◆ **Task objective**
The task calls for the lines below from the line with "Basil Plant Pods 9-pack /" to the line with "-大唐博相府酒店·陕西官府菜", both ends included, copied exactly, without any pictures.

*** Dataset extract ***

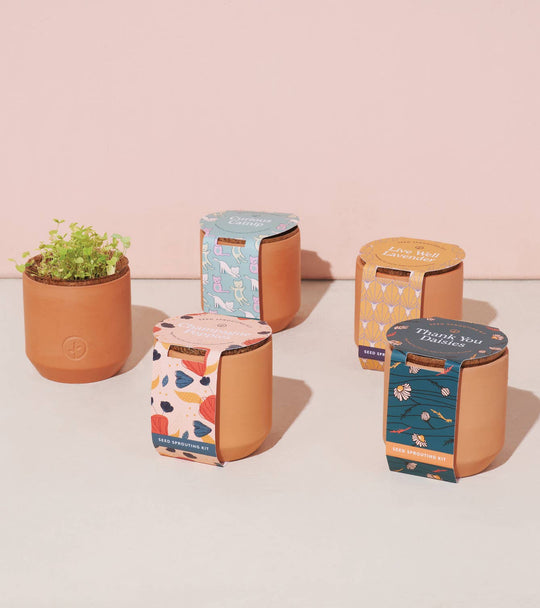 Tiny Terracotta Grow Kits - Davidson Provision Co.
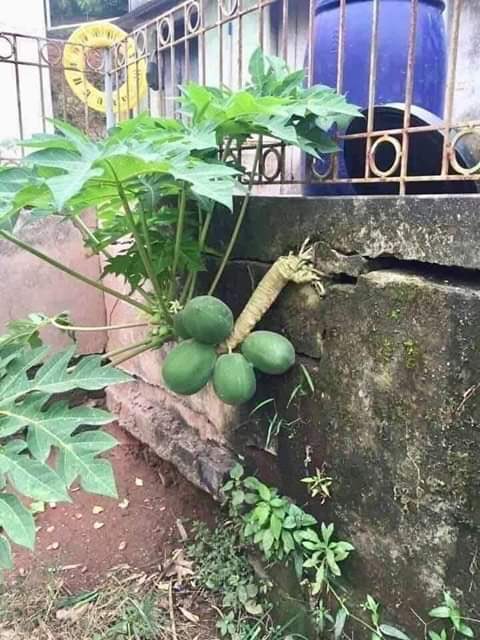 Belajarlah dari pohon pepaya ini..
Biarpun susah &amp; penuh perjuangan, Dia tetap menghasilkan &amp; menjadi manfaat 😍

*** End of Dataset extract ***
*** Dataset extract ***

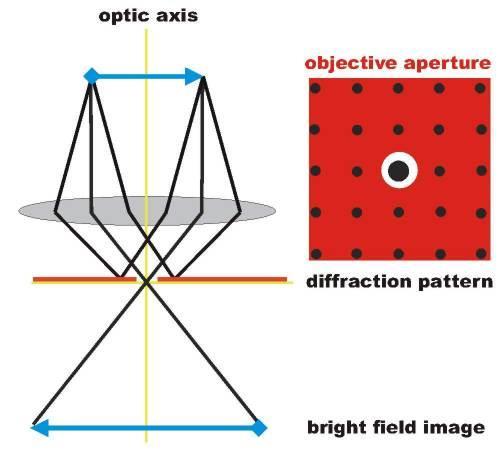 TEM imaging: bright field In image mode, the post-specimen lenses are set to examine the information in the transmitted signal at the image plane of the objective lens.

*** End of Dataset extract ***
*** Dataset extract ***

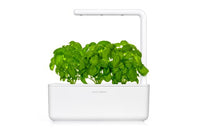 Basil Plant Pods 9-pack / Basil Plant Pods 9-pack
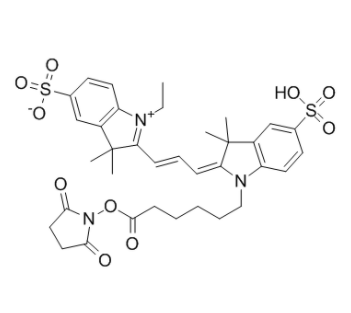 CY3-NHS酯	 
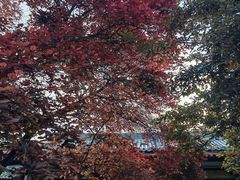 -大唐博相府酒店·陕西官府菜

*** End of Dataset extract ***

◆ **Solution for this problem**
 Basil Plant Pods 9-pack / Basil Plant Pods 9-pack
 CY3-NHS酯	 
 -大唐博相府酒店·陕西官府菜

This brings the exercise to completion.